[EXERCISE OBJECTIVE]: Hunt for the word "ARGB" across the entries below, copying each line that holds it.

[INFORMATION GIVEN]:
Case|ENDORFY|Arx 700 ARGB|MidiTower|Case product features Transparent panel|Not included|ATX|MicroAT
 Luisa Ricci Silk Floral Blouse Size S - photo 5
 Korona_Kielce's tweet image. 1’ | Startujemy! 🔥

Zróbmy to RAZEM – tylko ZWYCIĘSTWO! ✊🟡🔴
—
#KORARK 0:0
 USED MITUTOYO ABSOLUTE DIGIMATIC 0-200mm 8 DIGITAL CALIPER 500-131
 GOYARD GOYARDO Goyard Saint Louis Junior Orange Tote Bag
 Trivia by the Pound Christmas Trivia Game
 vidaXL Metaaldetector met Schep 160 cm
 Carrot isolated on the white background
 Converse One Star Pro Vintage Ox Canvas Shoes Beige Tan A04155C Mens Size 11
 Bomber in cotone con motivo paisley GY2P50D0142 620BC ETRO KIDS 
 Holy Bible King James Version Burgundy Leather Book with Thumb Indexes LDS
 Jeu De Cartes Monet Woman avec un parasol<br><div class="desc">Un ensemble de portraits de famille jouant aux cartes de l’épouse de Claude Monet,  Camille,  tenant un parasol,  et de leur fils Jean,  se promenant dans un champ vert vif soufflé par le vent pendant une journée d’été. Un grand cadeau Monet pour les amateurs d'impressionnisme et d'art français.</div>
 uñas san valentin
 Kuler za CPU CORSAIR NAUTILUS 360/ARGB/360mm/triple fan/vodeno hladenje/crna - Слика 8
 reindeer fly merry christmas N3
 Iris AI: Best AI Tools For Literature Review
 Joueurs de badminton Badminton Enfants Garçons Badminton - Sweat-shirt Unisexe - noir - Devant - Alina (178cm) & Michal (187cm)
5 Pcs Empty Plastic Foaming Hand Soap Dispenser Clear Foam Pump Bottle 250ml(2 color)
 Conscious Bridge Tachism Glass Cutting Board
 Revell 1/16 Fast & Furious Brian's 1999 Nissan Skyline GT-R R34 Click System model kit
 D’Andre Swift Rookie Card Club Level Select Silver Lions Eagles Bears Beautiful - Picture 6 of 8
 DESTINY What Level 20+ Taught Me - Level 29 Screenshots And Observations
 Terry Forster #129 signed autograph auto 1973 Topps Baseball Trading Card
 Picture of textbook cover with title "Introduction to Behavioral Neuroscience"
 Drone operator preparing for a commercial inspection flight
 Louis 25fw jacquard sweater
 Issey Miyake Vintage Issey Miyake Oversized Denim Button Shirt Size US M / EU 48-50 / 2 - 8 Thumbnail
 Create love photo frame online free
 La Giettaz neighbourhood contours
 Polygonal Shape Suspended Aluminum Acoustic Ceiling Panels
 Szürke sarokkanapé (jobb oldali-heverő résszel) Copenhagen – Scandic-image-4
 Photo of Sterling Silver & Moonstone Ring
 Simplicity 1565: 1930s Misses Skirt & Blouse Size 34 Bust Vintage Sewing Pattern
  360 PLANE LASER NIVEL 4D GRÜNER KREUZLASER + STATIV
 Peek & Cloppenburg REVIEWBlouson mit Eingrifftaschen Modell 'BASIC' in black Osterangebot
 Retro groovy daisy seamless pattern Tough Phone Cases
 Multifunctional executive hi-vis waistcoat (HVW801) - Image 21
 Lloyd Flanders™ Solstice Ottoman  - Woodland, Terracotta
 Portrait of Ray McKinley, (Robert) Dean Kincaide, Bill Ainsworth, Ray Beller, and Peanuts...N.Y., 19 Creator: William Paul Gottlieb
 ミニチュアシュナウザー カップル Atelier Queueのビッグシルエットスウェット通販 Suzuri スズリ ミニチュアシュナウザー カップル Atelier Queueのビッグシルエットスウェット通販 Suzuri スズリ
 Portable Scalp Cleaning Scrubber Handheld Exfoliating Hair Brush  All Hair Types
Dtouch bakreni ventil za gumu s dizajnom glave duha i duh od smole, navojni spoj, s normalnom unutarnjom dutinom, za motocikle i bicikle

[OUTPUT]:
Case|ENDORFY|Arx 700 ARGB|MidiTower|Case product features Transparent panel|Not included|ATX|MicroAT
 Kuler za CPU CORSAIR NAUTILUS 360/ARGB/360mm/triple fan/vodeno hladenje/crna - Слика 8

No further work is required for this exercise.